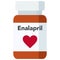 Bottle of pills, Enalapril is a medication used to treat high blood pressure, diabetic kidney disease, and heart failure.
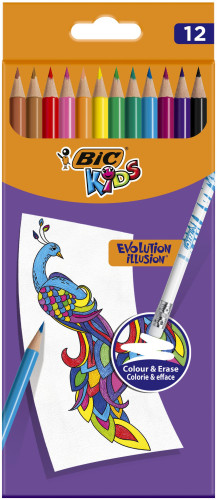 BIC - LÁPICES DE COLORES EVOLUTION ILLUSION BORRABLES CON GOMA SURTIDOS - CAJA DE 12 - (Ref.987868)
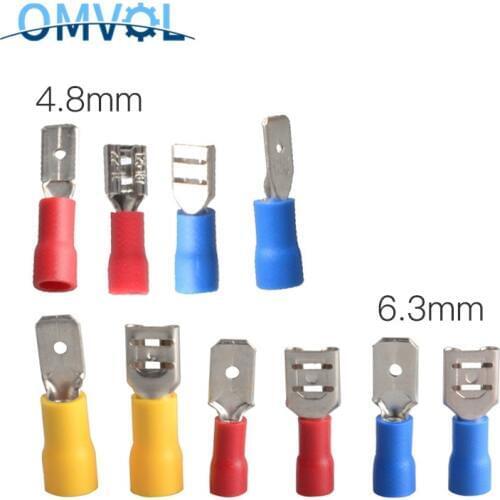 100pcs 50set Spade Crimp Terminal 4.8 6.3mm Male Female Pre Insulated Electrical Connectors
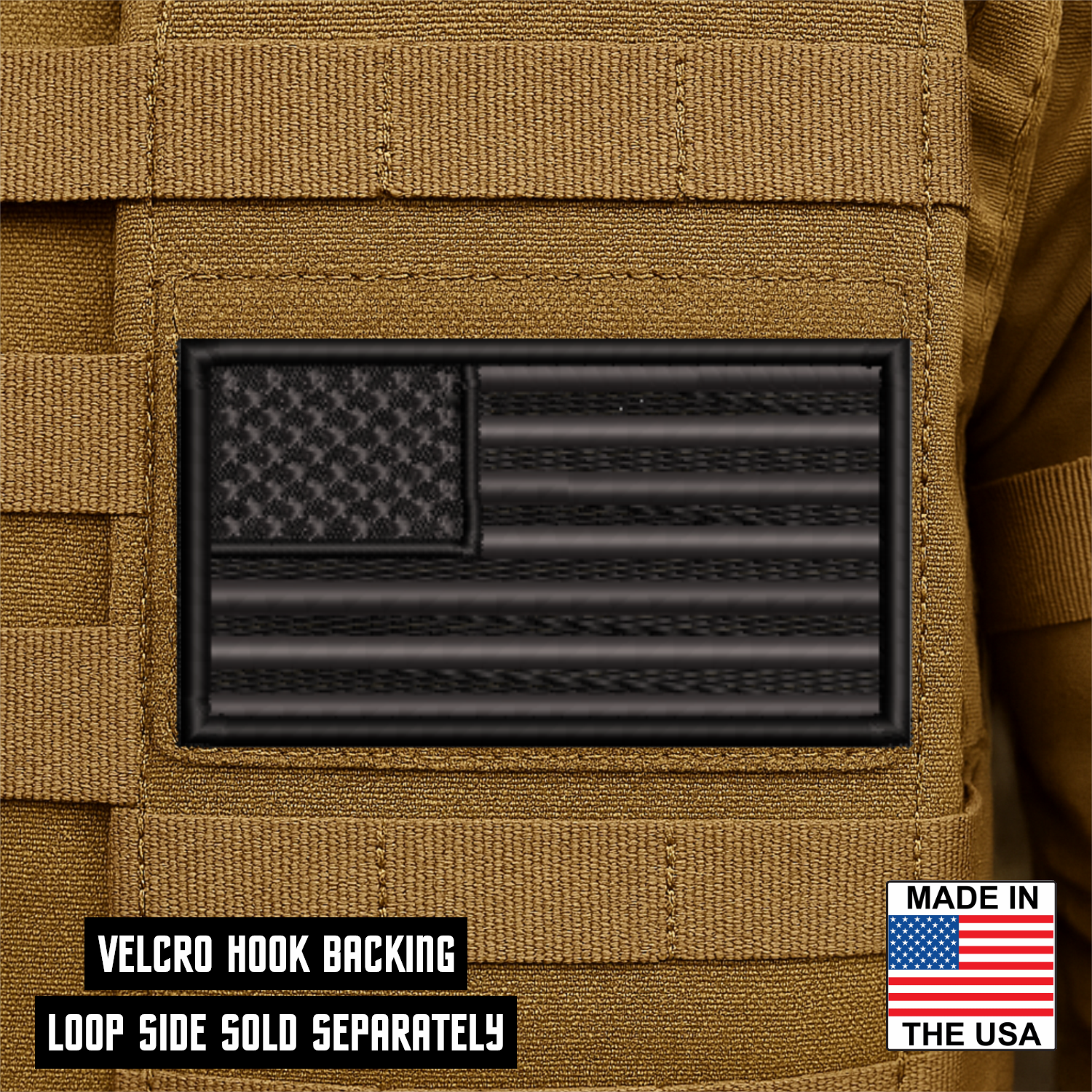 Blackout No Quarters Given American Flag Patch | Made in USA | VELCRO® Brand Hook Backing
•••••
◆ **Activity**
The expected output is an exact retyping of the lines from the line with "100pcs 50set Spade" through the last line of the data, with both ends kept and the pictures dropped.

◆ **Output below**
 100pcs 50set Spade Crimp Terminal 4.8 6.3mm Male Female Pre Insulated Electrical Connectors
 Blackout No Quarters Given American Flag Patch | Made in USA | VELCRO® Brand Hook Backing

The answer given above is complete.